KKP Tegas Tutup Gerai Penjual Ikan yang Terbukti Gunakan Formalin Berbahaya

Kementerian Kelautan dan Perikanan (KKP) menegaskan larangan penggunaan formalin pada produk ikan di pasar. Pemerintah berkomitmen menarik produk dan menutup gerai jika ditemukan ikan yang mengandung bahan berbahaya tersebut.

Kepala Badan Pengendalian dan Pengawasan Mutu Hasil Kelautan dan Perikanan, Ishartini, menyampaikan bahwa tindakan tegas pernah dilakukan di salah satu pasar tradisional di Jawa Tengah. Setelah resmi terkonfirmasi adanya penggunaan formalin, produk yang tidak aman langsung ditarik dari peredaran dan dilarang dijual kembali.

Penindakan dan Koordinasi Pengawasan

Setiap kali temuan formalin teridentifikasi, KKP segera berkoordinasi dengan pemerintah daerah yang bertanggung jawab atas pengelolaan pasar. Ishartini mencontohkan bahwa pada kasus di Jawa Tengah, tidak hanya produk yang ditarik, namun gerai penjualan ikan teri tersebut ditutup sementara untuk memastikan tidak ada pelanggaran berulang.

KKP memperkuat pengawasan demi memastikan keamanan ikan yang dikonsumsi masyarakat. Pengelola pasar pun didorong untuk memperketat seleksi bahan yang akan dijual agar tidak ada produk berbahaya sampai ke tangan konsumen.

Pengawasan Terpadu dari Hulu ke Hilir

Pengawasan dilakukan secara menyeluruh mulai dari proses penangkapan ikan hingga distribusi ke pasar. Pada tahap hulu, pengawasan meliputi pengawasan kualitas di kapal saat bongkar muat hasil tangkapan. Sampel ikan diambil dan diuji untuk memastikan mutu tetap terjaga tanpa bahan pengawet berbahaya.

Di tahap hilir, proses distribusi dan pemasaran dipantau di berbagai pasar, baik modern maupun tradisional.

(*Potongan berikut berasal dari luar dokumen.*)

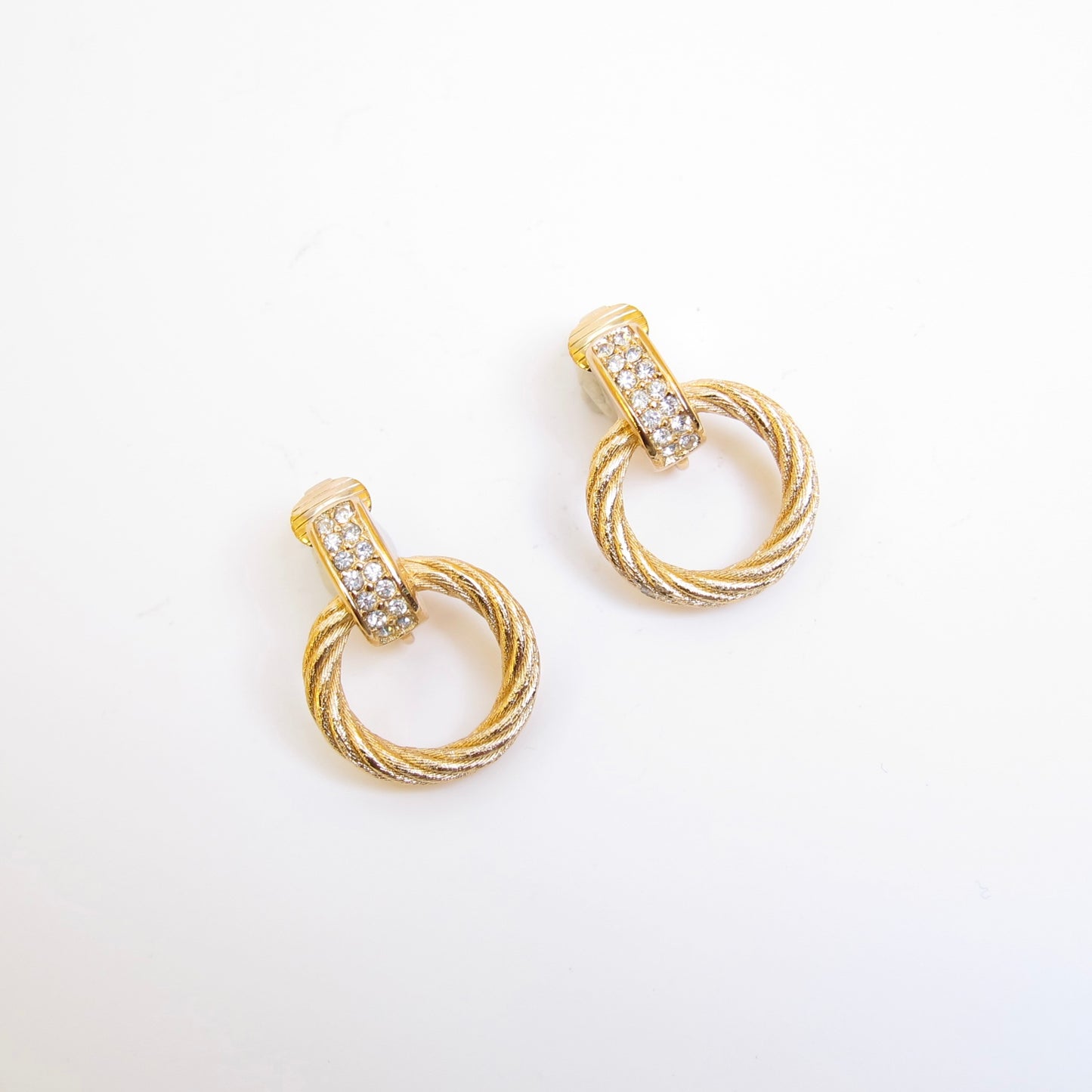 Christian Dior Vintage Twisted Circle and Rhinestone Golden Clip-on Earrings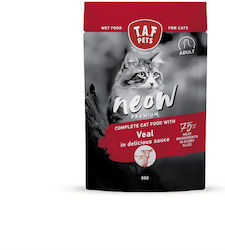 T.A.F. Pets Neow Premium Hrana umeda pentru pisici adulte in Pungă cu Vițel 80gr 1buc T-21426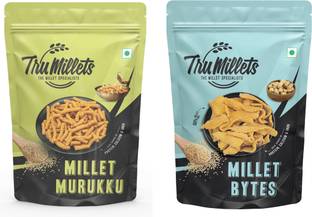 Trumillets Healthy Millet Snacks Namkeen Murukku 125gm and Millet Bites 125gm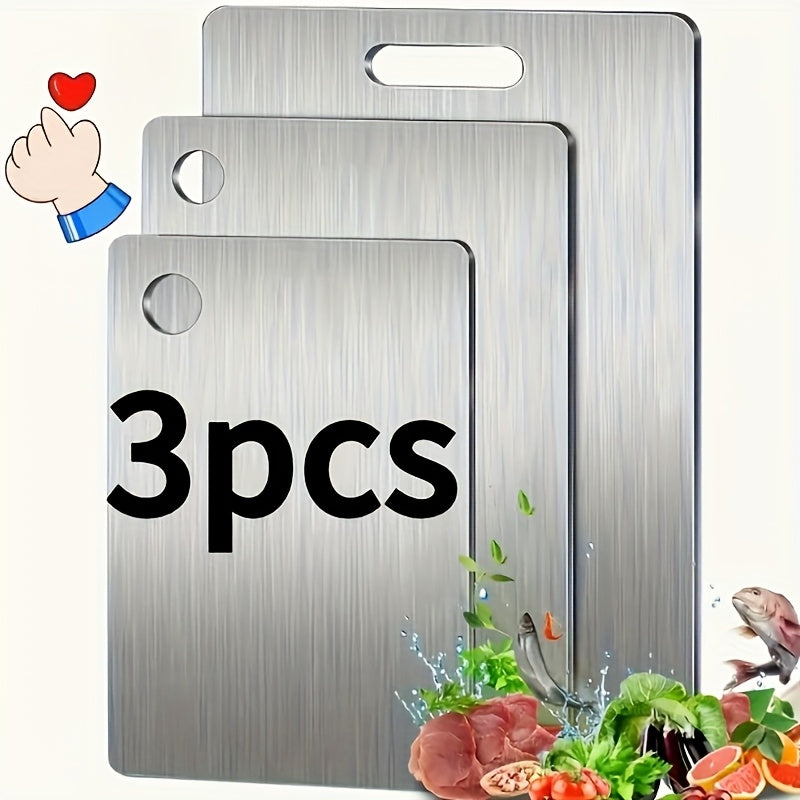 Set of 3 High-Quality Stainless Steel Cutting Boards - Durable, Easy to Clean, Perfect for Kitchen Prep, And Space-Saving.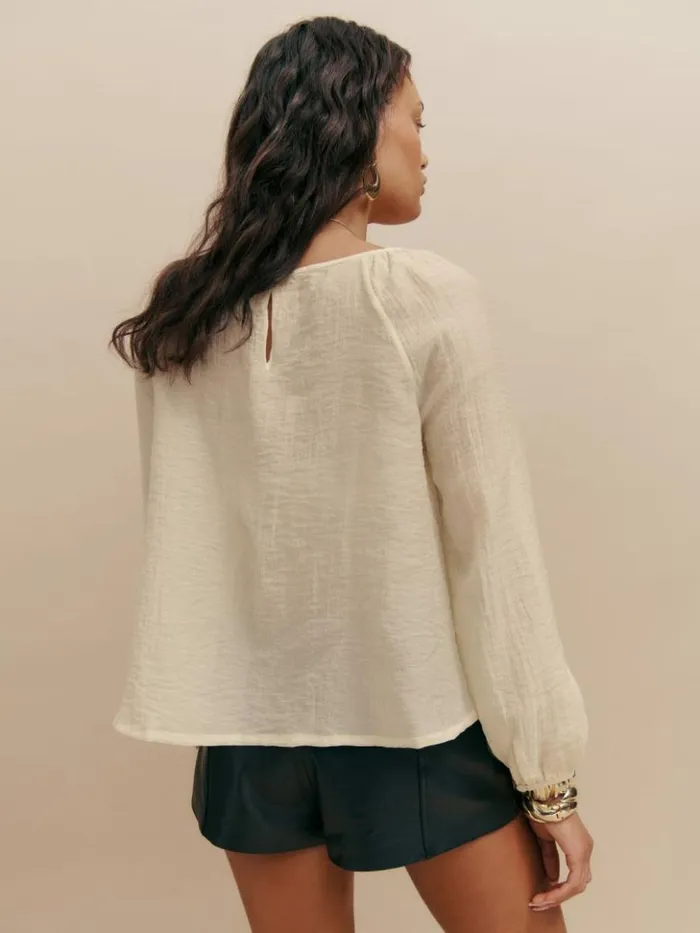Clothing The Reformation Finn Top Cream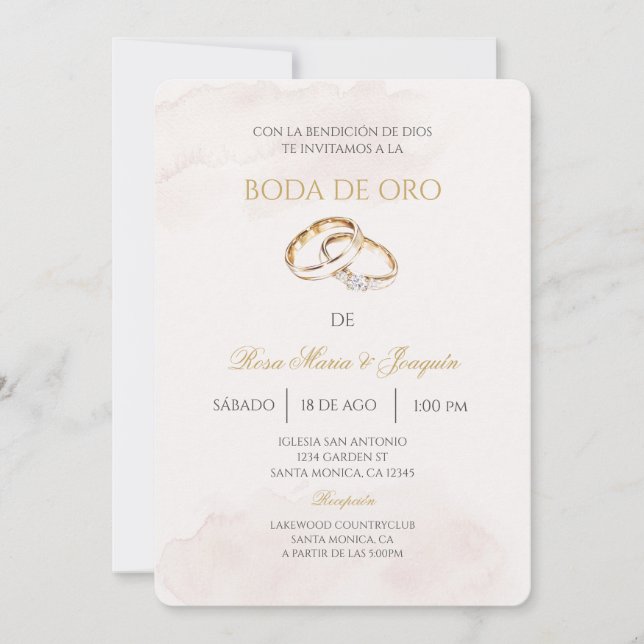 Boda de oro editable invitation (Front)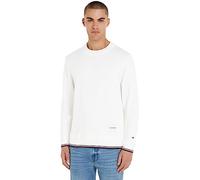 Tommy Hilfiger Men Jumper Tipped Crew Neck Pullover, Beige (Ancient White), M
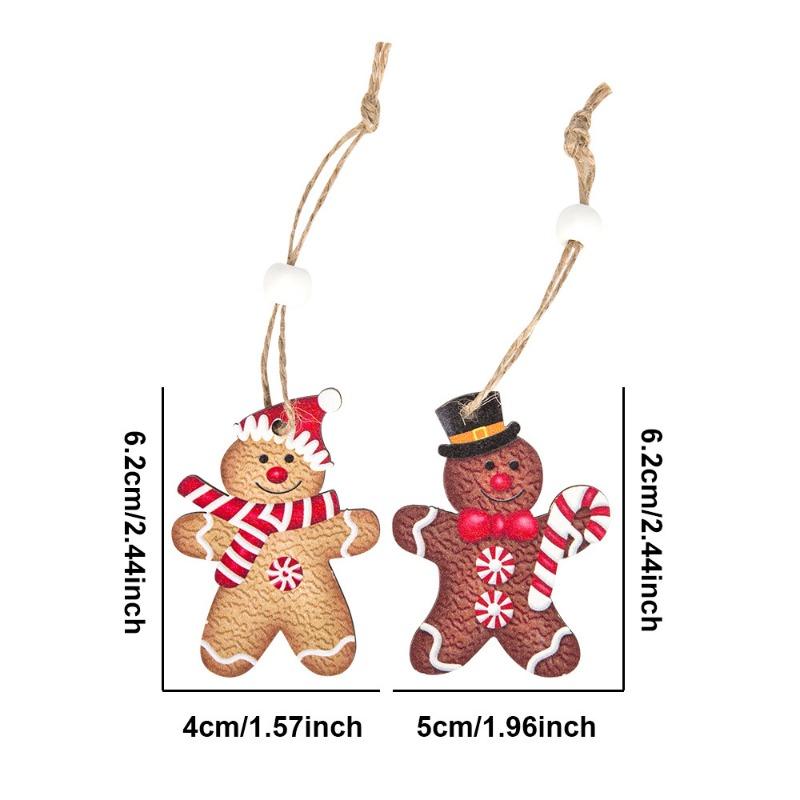 12 шт./набор Деревянные елочные украшения Ручной работы Подвесные Рождественские украшения Экологичные Подарки для праздничной вечеринки для домашнего декора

KKP bersama BPOM dan pemerintah daerah melakukan pengujian sampel secara berkala serta memantau sarana dan prasarana pemasaran agar tetap higienis dan aman.

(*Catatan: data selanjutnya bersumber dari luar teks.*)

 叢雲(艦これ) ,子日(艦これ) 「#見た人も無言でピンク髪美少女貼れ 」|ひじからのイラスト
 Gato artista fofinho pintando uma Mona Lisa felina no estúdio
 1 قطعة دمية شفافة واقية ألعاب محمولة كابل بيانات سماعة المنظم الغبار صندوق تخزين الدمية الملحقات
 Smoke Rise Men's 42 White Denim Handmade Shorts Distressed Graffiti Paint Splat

Hasil Pemantauan Menjelang Ramadan

Menjelang Ramadan, KKP melakukan pengecekan intensif di sejumlah titik untuk memastikan produk ikan aman dikonsumsi. Hasilnya menunjukkan tidak ditemukan adanya penggunaan formalin di lokasi pengawasan. Ishartini menegaskan bahwa pengawasan dilakukan secara rutin dengan dukungan sosialiasi kepada pedagang dan pemasok agar tidak memakai bahan berbahaya.

Langkah Pencegahan Melalui Edukasi dan Pengawasan Ketat

KKP terus meningkatkan kesadaran pedagang dan pemasok tentang bahaya formalin melalui sosialisasi dan edukasi. Langkah ini diharapkan mampu mencegah praktek penggunaan bahan kimia terlarang dalam pengawetan ikan.

Untuk mengoptimalkan pengawasan, KKP melibatkan Badan Pengawas Obat dan Makanan (BPOM), pemerintah provinsi, kabupaten/kota, dan Unit Pelaksana Teknis Daerah (UPTD) dalam rangka menjaga mutu produk perikanan dari hulu sampai ke tangan konsumen.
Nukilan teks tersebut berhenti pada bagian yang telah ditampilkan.